Specifying a partitioning method

The framework performs partitioning on the input data set or data sets of a parallel operator.

Partitioning is the process of dividing an input data set into multiple segments, or partitions. Each processing node in your system then performs an operation on an individual partition of the data set rather than on the entire data set. Typically, an operator uses the same partitioning method for each input data set; however, you can also use a different method for each input.

The following figure shows an example of a two-input, one-output operator. Each input in this figure uses its own partitioning method:

Figure 1. Two-input, one-output operator

InfoSphere® DataStage® provides a number of different partitioning methods, including:

any: The operator does not care how data is partitioned; therefore, InfoSphere DataStage can partition the data set in any way to optimize the performance of the operator. Any is the default partitioning method. Operators that use a partitioning method of any allow the user to explicitly override the partitioning method. To set a partitioning method, the user assigns a partitioner to a data set used as an input to the operator. The framework then partitions the data set accordingly.
round robin: This method divides the data set so that the first record goes to the first node, the second record goes to the second node, and so on. When the last node in the system is reached, this method starts back at the first node. This method is useful for resizing the partitions of an input data set that are not equal in size. The round robin method always creates approximately equal-sized partitions.
random: This method randomly distributes records across all nodes. Like round robin, random partitioning can rebalance the partitions of an input data set to guarantee that each processing node receives an approximately equal-sized partition.
same: This method performs no repartitioning on the data; the partitions of the previous operator are inherited. This partitioning method is often used within composite operators.
entire: Every instance of an operator on every processing node receives the complete data set as input. This form of partitioning is useful when you want the benefits of parallel execution, but you also want each instance of the operator to be able to access the entire input data set.
hash by field: Uses a field in a record as a hash key and partitions the records based on a function of this hash key. You use the class APT_HashPartitioner to implement this partitioning method.
modulus: Partitioning is based on a key field modulo the number of partitions. This method is like hash by field, but involves simpler computation.
range: Divides a data set into approximately equal size partitions based on one or more partitioning keys. You use the APT_RangePartitioner class to implement this partitioning method.
Db2: Partitions an input data set in the same way that Db2 partitions it. For example, if you use this method to partition an input data set containing update information for an existing Db2 table, records are assigned to the processing node containing the corresponding Db2 record. Then, during the execution of the parallel operator, both the input record and the Db2 table record are local to the processing node. Any reads and writes of the Db2 table entails no network activity.
other: You can define a custom partitioning operator by deriving a class from the C++ APT_Partitioner class. Other is the partitioning method for operators that use custom partitioners.

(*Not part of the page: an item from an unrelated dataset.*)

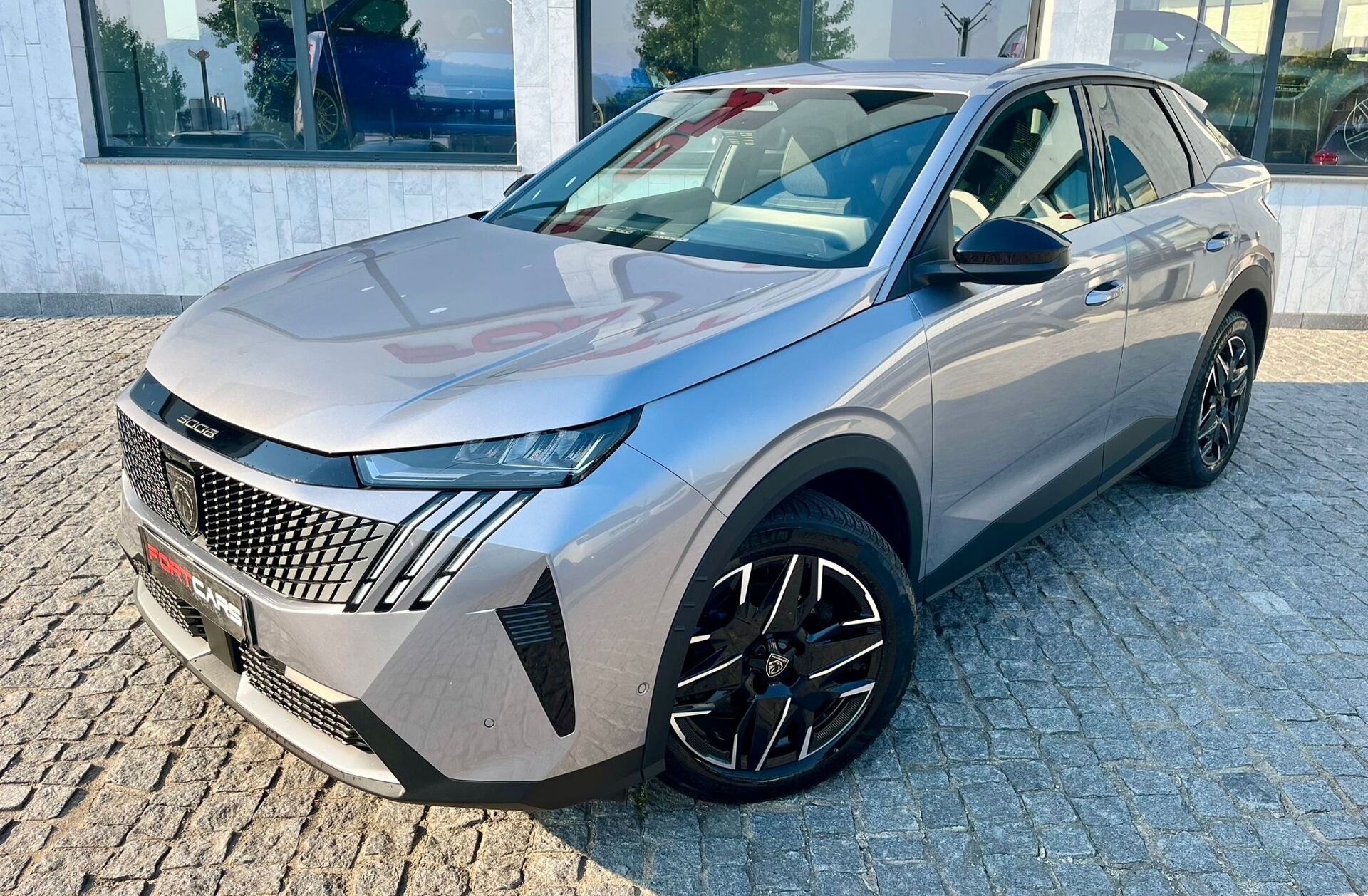 PEUGEOT 3008 1.2 Hybrid Allure e-DCS6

By default, operators use the partitioning method any. The any partitioning method allows operator users to prefix the operator with a partitioning operator to control partitioning. For example, a user could insert the hash partitioner operator in the stage before the derived operator.

To set an explicit partitioning method for the operator that cannot be overridden, you must include a call to APT_Operator::setPartitionMethod() within APT_Operator::describeOperator().

Another option is to define your own partitioner for each input to the operator. To do so, you must derive a partitioner class from APT_Partitioner.